# Occupancy Classification A-2 or A-3



## retire09 (Feb 28, 2013)

I have a Jumpin Junction business wanting to occupy an existing VB 5400sf nonsprinlered building.

They specialize in children's parties and entertainment. They will have no cooking facilities and will allow only cake, ice cream and delivered pizza as far as food and soft drinks will be available.

Lots of kids, definitely unfamiliar surroundings with sights and sounds that my be confusing even to the adults.

These uses are becoming more common these days.

Is this an A-2 or A-3 and why?


----------



## north star (Feb 28, 2013)

*+ + +*

I vote A-3, with the condition that they not have any food warming/

heating activites !....*REASON:* No production or heating of food

products on the actual site.....That said, ...I do not know how an

"employee only" designated microwave would be regulated.....If

some of the kiddies wanted to heat up or re-heat their slice of

pizza, no one is going to say "No!"

*+ + +*


----------



## mark handler (Feb 28, 2013)

By definition

A-2 Assembly uses intended for food and/or drink consumption....
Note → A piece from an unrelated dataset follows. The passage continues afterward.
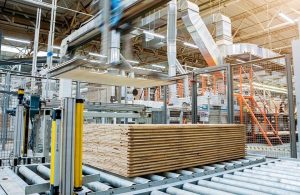 Interno di un'industria di produzione di parquet. Le assi sono tutte impilate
It does not say anything about cooking or heating....


----------



## kilitact (Feb 28, 2013)

A-3, recreation or amusment.


----------



## mtlogcabin (Feb 28, 2013)

A-2 Assembly *uses intended *for food and/or drink consumption including, but not limited to:

A-3 Assembly *uses intended *for worship, recreation or amusement and other assembly uses not classified elsewhere in Group A including, but not limited to

The intended use of the facility is recreation and amusement. The food or drink consumption is ancillary similar to a bowling alley or amusment arcade or exhibition hall that may serve food and drink during an event.

It is an A-3 in my book


----------



## Builder Bob (Feb 28, 2013)

Depends.....

How much of the area is going to be used for food service ( less than 10 % of the floor space = Accessory) which would make this an A-3 since the majority of the floor area is for amusement......


----------



## RLGA (Feb 28, 2013)

Any space can be considered used for food and/or drink consumption (how many eat at their desks in a Group B?).  As mtlogcabin pointed out, it is the "intended" use that drives the classification.


----------



## mark handler (Mar 1, 2013)

RLGA said:
			
		

> Any space can be considered used for food and/or drink consumption (how many eat at their desks in a Group B?).  As mtlogcabin pointed out, it is the "intended" use that drives the classification.


So Chuck-e-Cheese is an A3?

Since They make most of their money with entertainment not food....


----------



## RLGA (Mar 1, 2013)

mark handler said:
			
		

> So Chuck-e-Cheese is an A3?Since They make most of their money with entertainment not food....


You have to look at the "portion thereof" part of the Occupancy Group descriptions.  The gaming 'portion' of a Chuck-e-Cheese would be classified as Group A-3, but the eating area would be classified as Group A-2, since that 'portion' is intended for food and drink consumption.


----------



## Builder Bob (Mar 1, 2013)

The A-2 classification of A-2 may be deemed as an accessory to the A-3 provided that it doesn't exceed 10% of the floor area per floor......... Thus a smart designer would delineate the A-2 portion to 10% or less floor area and Chuck E Cheese would indeed be an A-3.......

This doesn't mean that the sprinkler requirement is for the higher occupant load ----

508.2.2 Occupancy classification.

Accessory occupancies shall be individually classified in accordance with Section 302.1. The requirements of this code shall apply to each portion of the building based on the occupancy classification of that space.


----------



## kilitact (Mar 1, 2013)

A-4 , A-5 viewing of indoor and outdoor. Appears that you would classify these as A-2 if more then 10% of the occupants are eating and drinking  i.e. hotdogs, popcorn, coke, beer etc?


----------



## Builder Bob (Mar 1, 2013)

no kilitect - these "arenas' are clearly defined by the code. the subject matter at hand is the grey area of code and its interpretations...... BTW, nice stir of the paddle..... just failed!


----------